In the listing below, find the line holding "PLAYMOBIL 71750 - Action" and the line holding "Chestnut Roast Warmth alphabet letter V". Write out those two lines and all lines between, exactly, and nothing more.
• • •
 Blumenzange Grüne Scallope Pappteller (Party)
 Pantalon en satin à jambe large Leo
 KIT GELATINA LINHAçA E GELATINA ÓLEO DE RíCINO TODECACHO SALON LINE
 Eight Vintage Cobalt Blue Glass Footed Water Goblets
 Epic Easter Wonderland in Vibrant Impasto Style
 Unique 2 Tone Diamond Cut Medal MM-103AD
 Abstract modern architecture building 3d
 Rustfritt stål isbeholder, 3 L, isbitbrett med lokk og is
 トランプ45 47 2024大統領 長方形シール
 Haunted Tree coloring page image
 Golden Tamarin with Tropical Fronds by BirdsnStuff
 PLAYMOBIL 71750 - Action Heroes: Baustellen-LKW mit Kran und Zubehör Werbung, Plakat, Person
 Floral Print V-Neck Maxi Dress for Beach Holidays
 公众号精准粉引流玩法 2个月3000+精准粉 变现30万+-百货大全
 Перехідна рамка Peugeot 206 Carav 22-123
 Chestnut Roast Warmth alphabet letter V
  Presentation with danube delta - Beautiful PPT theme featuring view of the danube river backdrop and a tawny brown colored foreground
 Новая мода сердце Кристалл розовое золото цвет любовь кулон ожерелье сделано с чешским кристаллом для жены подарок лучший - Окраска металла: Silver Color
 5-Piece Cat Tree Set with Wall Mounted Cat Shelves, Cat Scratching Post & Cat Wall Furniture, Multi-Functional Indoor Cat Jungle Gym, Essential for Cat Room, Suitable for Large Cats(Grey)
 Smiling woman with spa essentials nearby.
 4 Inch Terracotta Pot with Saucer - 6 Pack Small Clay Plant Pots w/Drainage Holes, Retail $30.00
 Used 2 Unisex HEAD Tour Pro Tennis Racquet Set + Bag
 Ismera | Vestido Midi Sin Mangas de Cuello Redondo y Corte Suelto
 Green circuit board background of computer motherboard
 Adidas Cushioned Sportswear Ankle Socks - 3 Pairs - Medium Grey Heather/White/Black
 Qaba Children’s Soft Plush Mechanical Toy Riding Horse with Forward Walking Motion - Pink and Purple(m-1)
• • •
### RESULT OF THIS TASK
 PLAYMOBIL 71750 - Action Heroes: Baustellen-LKW mit Kran und Zubehör Werbung, Plakat, Person
 Floral Print V-Neck Maxi Dress for Beach Holidays
 公众号精准粉引流玩法 2个月3000+精准粉 变现30万+-百货大全
 Перехідна рамка Peugeot 206 Carav 22-123
 Chestnut Roast Warmth alphabet letter V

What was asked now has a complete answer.